The series follows the intertwined lives of two couples: Eli and Jackie, and JB and Celine. After Jackie loses her memory in an accident, she comes to believe that Eli is her husband and falls in love with him. Eli, however, struggles to maintain the deception. Meanwhile, Celine and JB's developing romance is complicated by JB's past relationship with Jackie and Jackie's unresolved feelings for him. When Jackie eventually regains her memory, it leads to further complications and shifting relationships.
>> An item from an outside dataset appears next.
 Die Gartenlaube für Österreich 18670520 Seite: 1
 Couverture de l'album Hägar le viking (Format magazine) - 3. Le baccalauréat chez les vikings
The story explores themes of love, betrayal, family secrets, and social class differences.

==Theme song==
The series theme song is also entitled "Maging Sino Ka Man," and is composed by Rey Valera. The song was previously recorded by both Sharon Cuneta and Rey Valera, while the TV series theme was performed by Erik Santos. A version of the song performed by Martin Nievera was later used in Juan dela Cruz (2013), another ABS-CBN drama series.

==Accolades==
The series received several awards, including Best Drama Series, Best Actor, and Best Actress at the 2007 U.S.T.V. Students' Choice Awards. It also won Best Primetime TV Series at the 2007 PMPC Star Awards.